* [WORK TO BE COMPLETED]: A word-for-word copy of the data, with no images, is the required answer.

* [INPUT DATA]:
■ ■ ■ ■
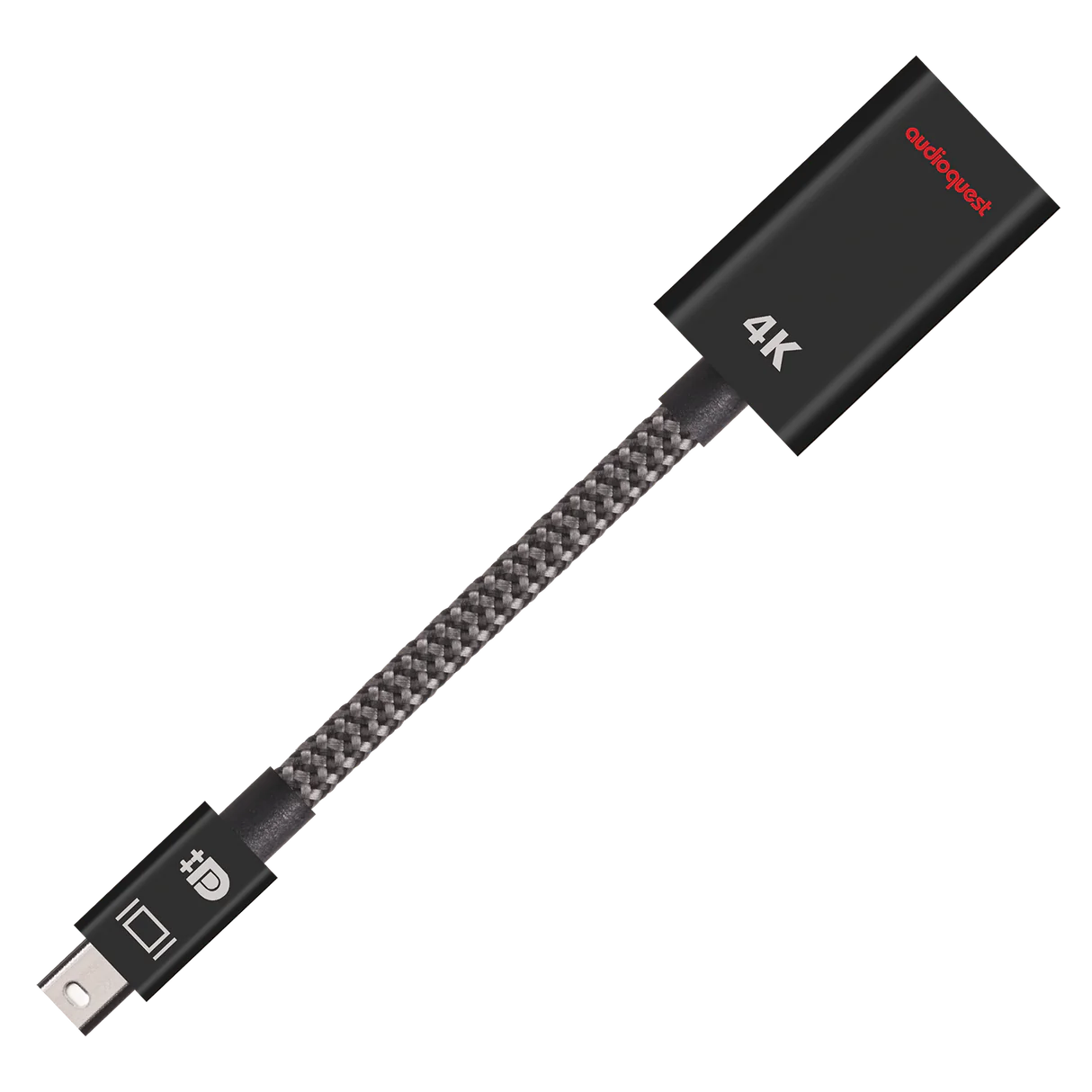 AudioQuest Mini Display Port > HDMI 4K Adaptor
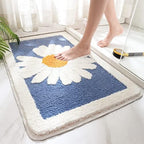 Daisy Bath Mat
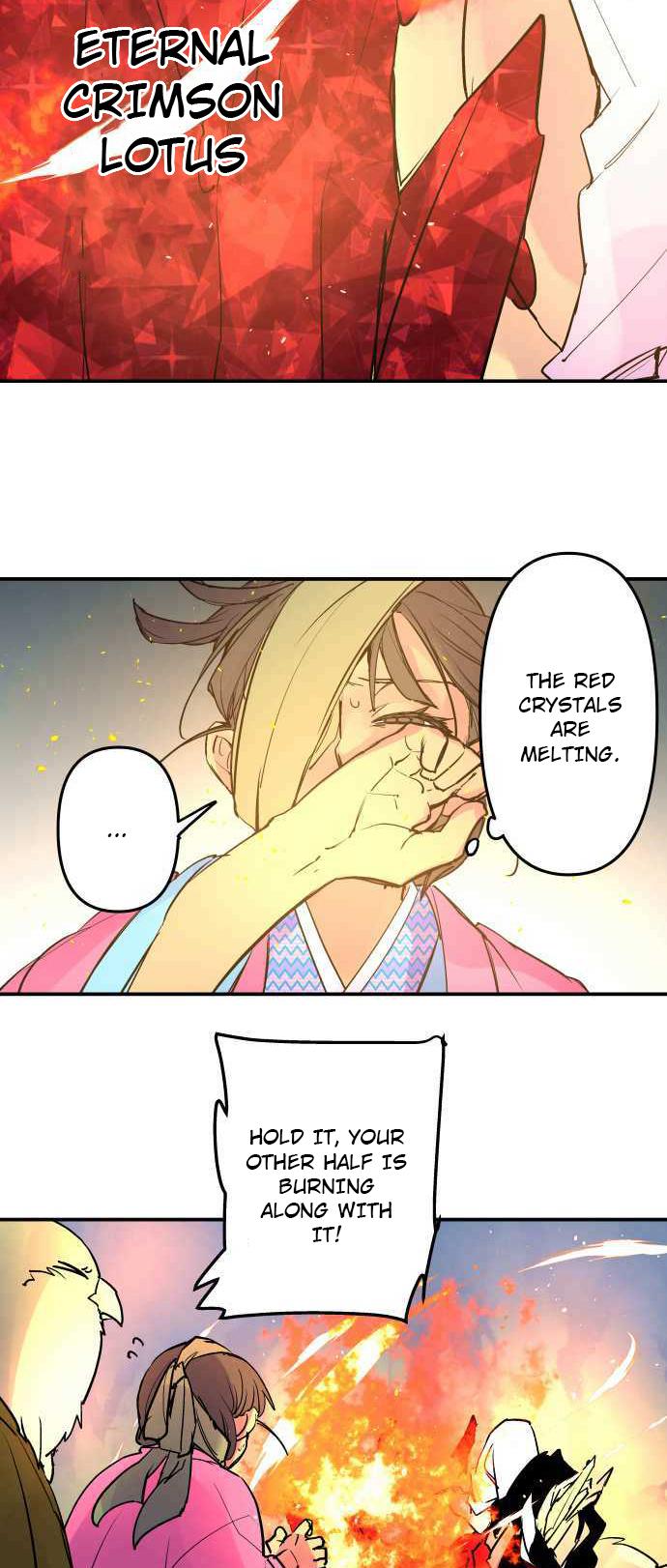 Ake no Tobari Chapter 252 16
■ ■ ■ ■
* [SOLUTION FOR THIS EXERCISE]:
 AudioQuest Mini Display Port > HDMI 4K Adaptor
 Daisy Bath Mat
 Ake no Tobari Chapter 252 16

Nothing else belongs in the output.